On vector layers, it is possible to draw with pencil lines, vector brushes and textured bitmap brushes. While pencil lines are merely vector centrelines to which Storyboard Pro adds the thickness, brush strokes are solid vector shapes filled with a colour, and textured brush strokes are regular brush strokes filled with a bitmap texture that filter out their colour.

On bitmap layers, you can only draw using solid or textured bitmap brushes. Hence, while vector layers are more flexible because they allow you to easily manipulate and tweak parts of your artwork, they can also accommodate more art styles.

However, if you use a textured brush on a vector layer, your brush strokes will have a bitmap texture. This means that, just like with artwork in bitmap layers, attempting to tweak or resize a textured brush stroke will require Storyboard Pro to resample the texture, which is liable to make it lose picture quality, unless its texture resolution was sufficiently increased before you started drawing.

One pitfall of using textured brushes on vector drawings is that, while bitmap drawings are always made of a single flat canvas, vector brush strokes are kept as separate objects. This means that laying on a lot of textured brush strokes on a vector drawing will require Storyboard Pro to store the texture for each of these strokes, and to composite them together in real time to display your drawing. This can cause texture-heavy vector drawings to be heavier on application performance and in file size than bitmap drawings. This is however the only case where a vector drawing is likely to be heavier than a bitmap drawing.

NOTE Even if you flatten your artwork, textured brush strokes of different colours cannot be flattened together on vector layers.

The following table compares the different approaches to drawing available in Storyboard Pro:

Drawing Tool Layer Type Specifics
Pencil Vector

Advantages: Very light and easy to tweak. Can be manipulated, recoloured and tweaked by the centreline. Can be zoomed in on or scaled up without losing quality.

Disadvantages: Does not support textures. Not optimized for transparency.
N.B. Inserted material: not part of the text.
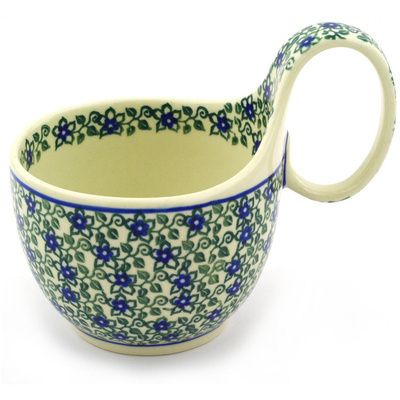 Polish Pottery Bowl with Loop-Handle 16 oz Lobelia Vines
Recommended Use: Sketches, clean drawings with a solid and uniform outline style.

Solid Vector Brush Vector

Advantages: Light file size. Reproduces traditional animation style. Can be manipulated, recoloured and edited by the contour or centreline. Can be zoomed in on or scaled up without losing quality.

Disadvantages: Cannot reproduce the look of natural media.

Recommended Use: Sketches, clean traditional animation-style drawings.

Textured Vector Brush Vector

Advantages: Can reproduce the look of natural media. As capable as textured bitmap brushes, but can be manipulated, edited and recoloured like solid vector brushes.

Disadvantages: Overlapping strokes can make the drawing heavy on application performance and file sizes. Strokes of different colours cannot be flattened together. Tweaking, scaling up or zooming in on artwork is liable to make it lose texture quality.

Recommended Use: For light bitmap-style textured artwork or mixed-style artwork.

Textured Bitmap Brush Bitmap

Advantages: Can reproduce the look of natural media. Better performance and lighter file size than texture-heavy vector artwork. Can be edited pixel by pixel.

Disadvantages: Strokes are always flattened together and cannot be modified individually. Can only be drawn or erased upon. Scaling up or zooming in on artwork is liable to make it lose picture quality.

Recommended Use: Texture-heavy bitmap artwork.